▸ Task
Give a verbatim copy of the data, leaving the pictures out.

▸ Raw data
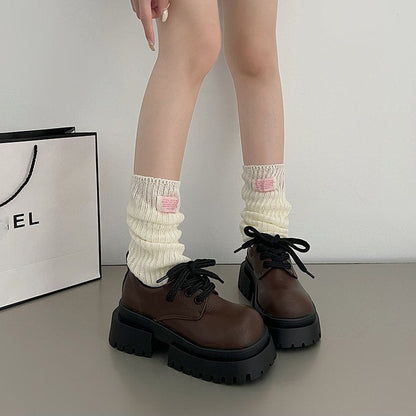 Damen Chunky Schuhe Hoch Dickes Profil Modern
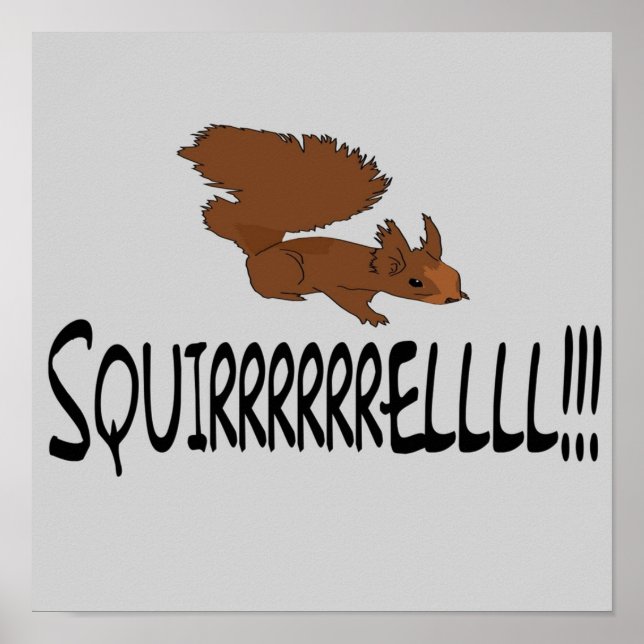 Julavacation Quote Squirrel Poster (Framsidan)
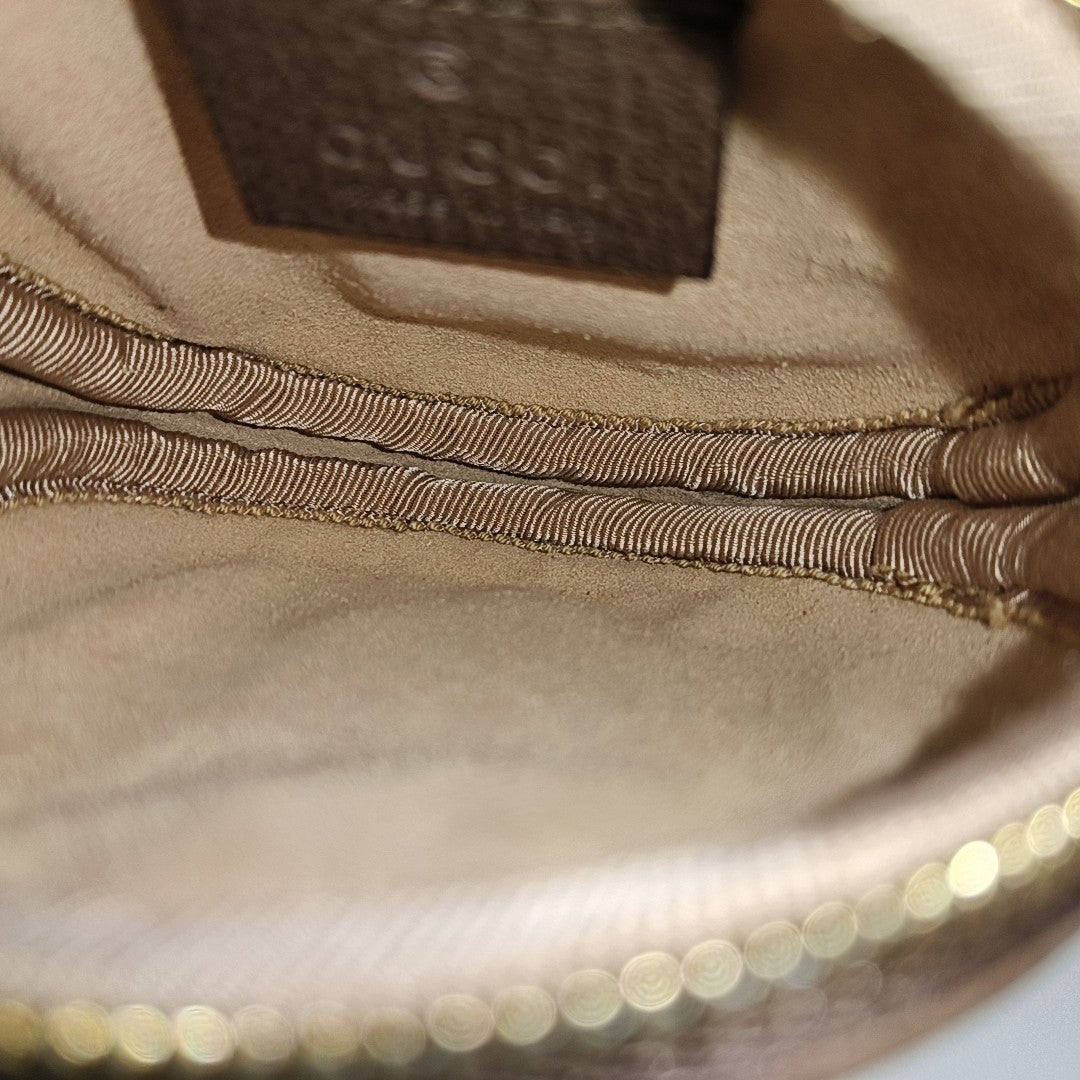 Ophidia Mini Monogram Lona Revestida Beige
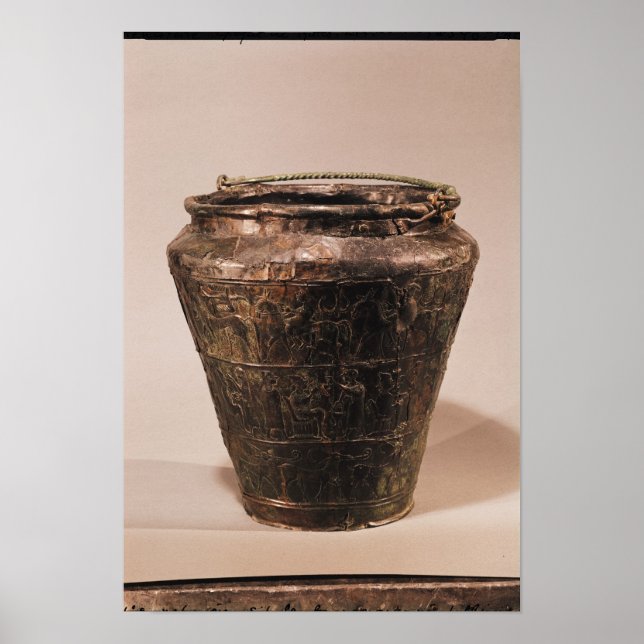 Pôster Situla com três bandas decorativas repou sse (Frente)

▸ Task answer
 Damen Chunky Schuhe Hoch Dickes Profil Modern
 Julavacation Quote Squirrel Poster (Framsidan)
 Ophidia Mini Monogram Lona Revestida Beige
 Pôster Situla com três bandas decorativas repou sse (Frente)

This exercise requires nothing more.